Activity |
Make an exact copy, from the records below, of the lines from the line containing "Outdoor Sports Court" to the line containing "TOMS（トムス）の「TOMS トムス キッズ", both lines included, excluding pictures.

Material for the task |
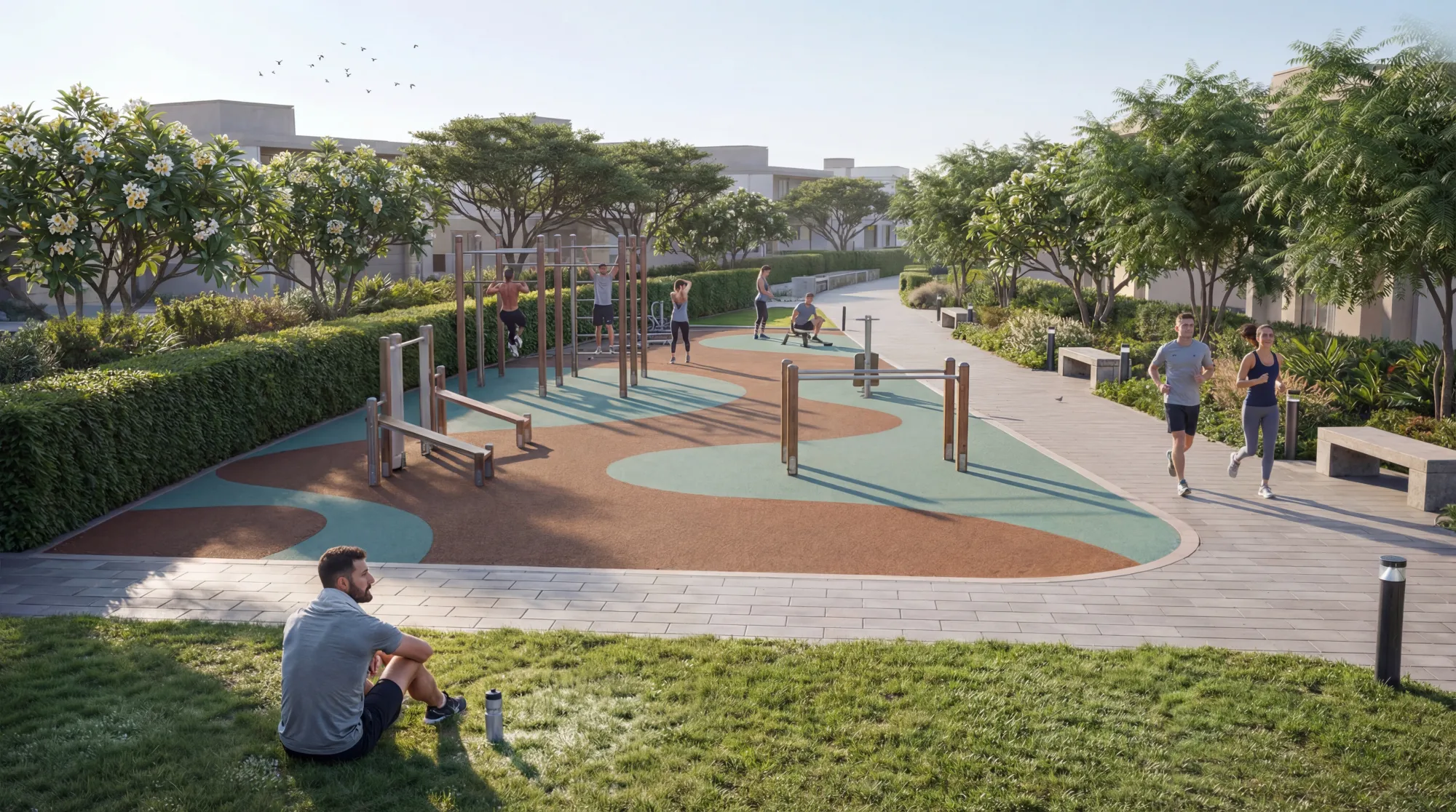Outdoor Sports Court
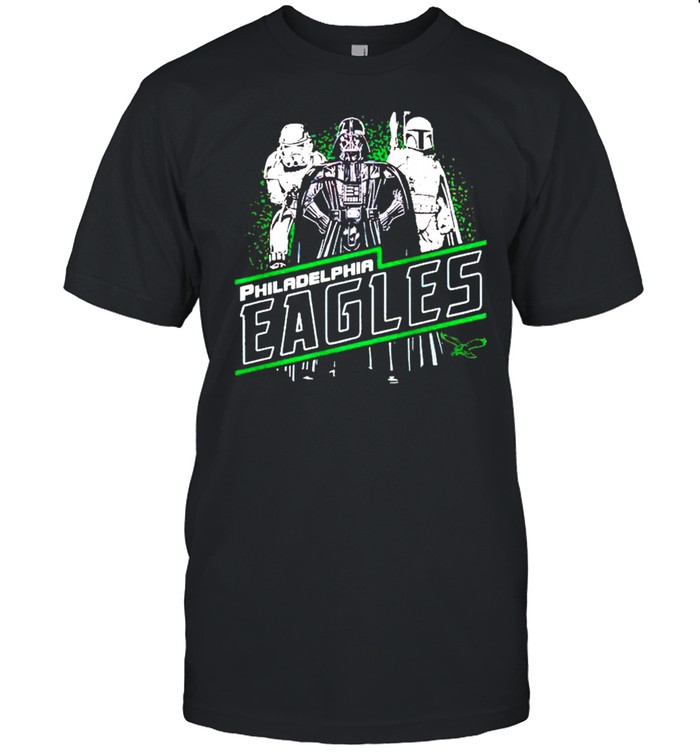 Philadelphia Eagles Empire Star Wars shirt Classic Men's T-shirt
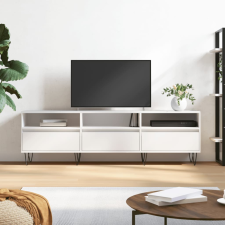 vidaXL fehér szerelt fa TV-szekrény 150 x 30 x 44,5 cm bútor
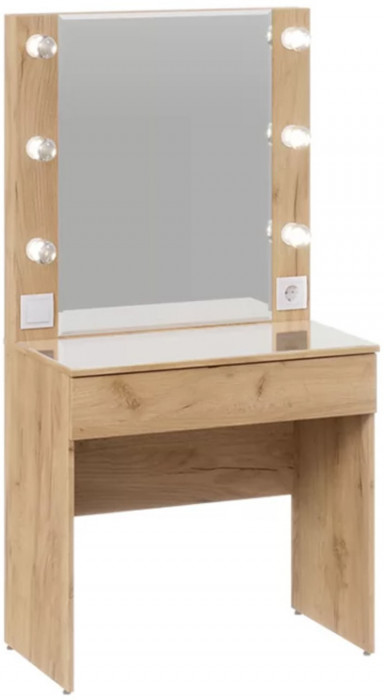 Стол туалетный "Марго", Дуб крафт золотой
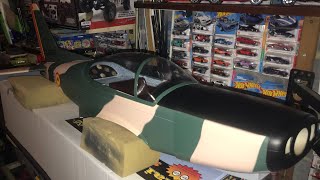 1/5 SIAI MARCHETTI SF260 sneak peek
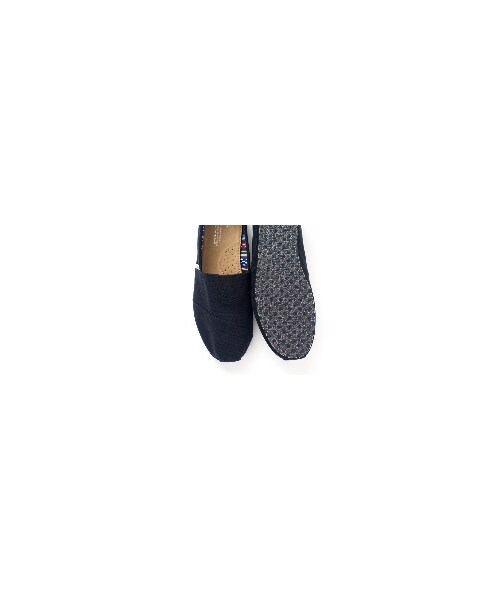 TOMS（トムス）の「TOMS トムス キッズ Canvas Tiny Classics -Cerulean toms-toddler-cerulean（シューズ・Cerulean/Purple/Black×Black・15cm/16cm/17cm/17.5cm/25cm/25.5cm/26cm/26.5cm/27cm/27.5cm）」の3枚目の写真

--

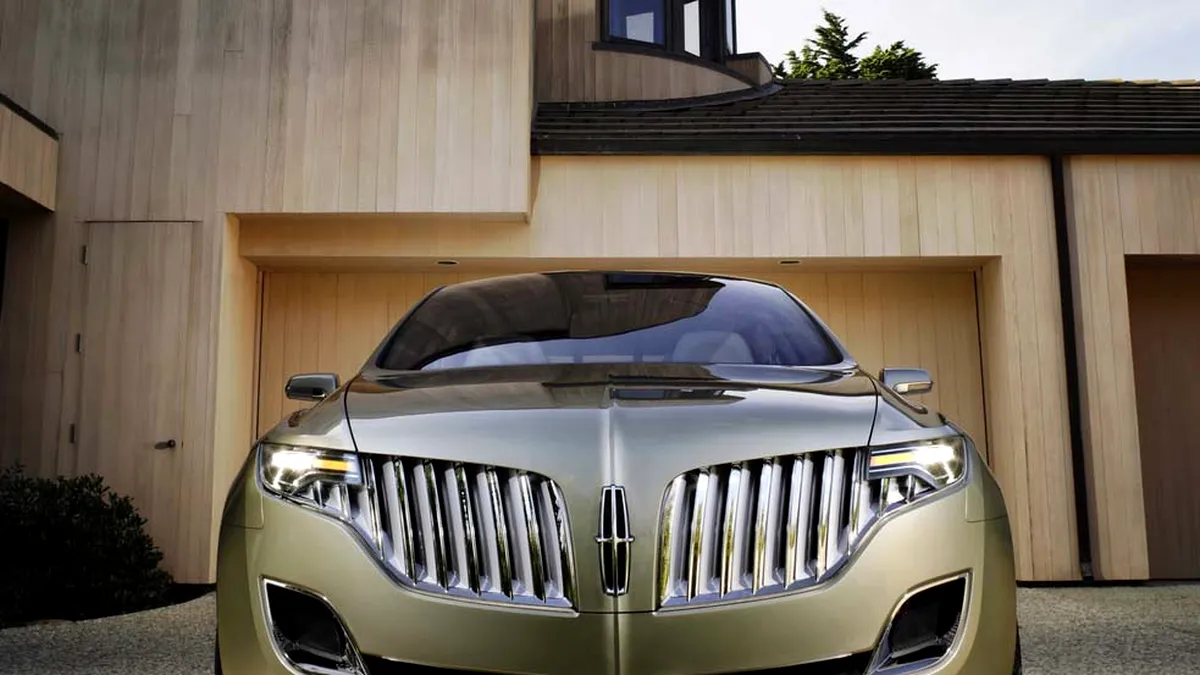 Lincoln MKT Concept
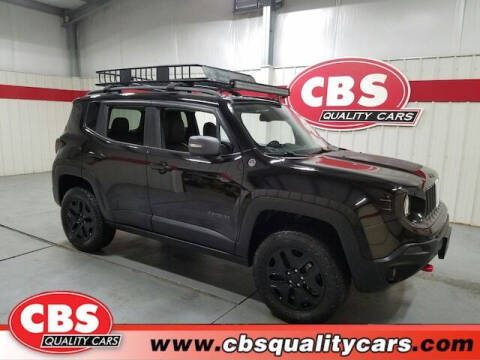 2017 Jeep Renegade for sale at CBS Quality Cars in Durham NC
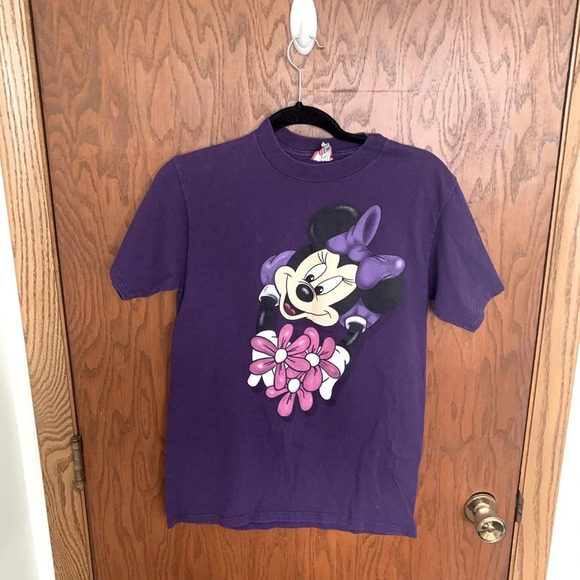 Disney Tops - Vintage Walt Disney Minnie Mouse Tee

Result |
Outdoor Sports Court
 Philadelphia Eagles Empire Star Wars shirt Classic Men's T-shirt
 vidaXL fehér szerelt fa TV-szekrény 150 x 30 x 44,5 cm bútor
 Стол туалетный "Марго", Дуб крафт золотой
 1/5 SIAI MARCHETTI SF260 sneak peek
 TOMS（トムス）の「TOMS トムス キッズ Canvas Tiny Classics -Cerulean toms-toddler-cerulean（シューズ・Cerulean/Purple/Black×Black・15cm/16cm/17cm/17.5cm/25cm/25.5cm/26cm/26.5cm/27cm/27.5cm）」の3枚目の写真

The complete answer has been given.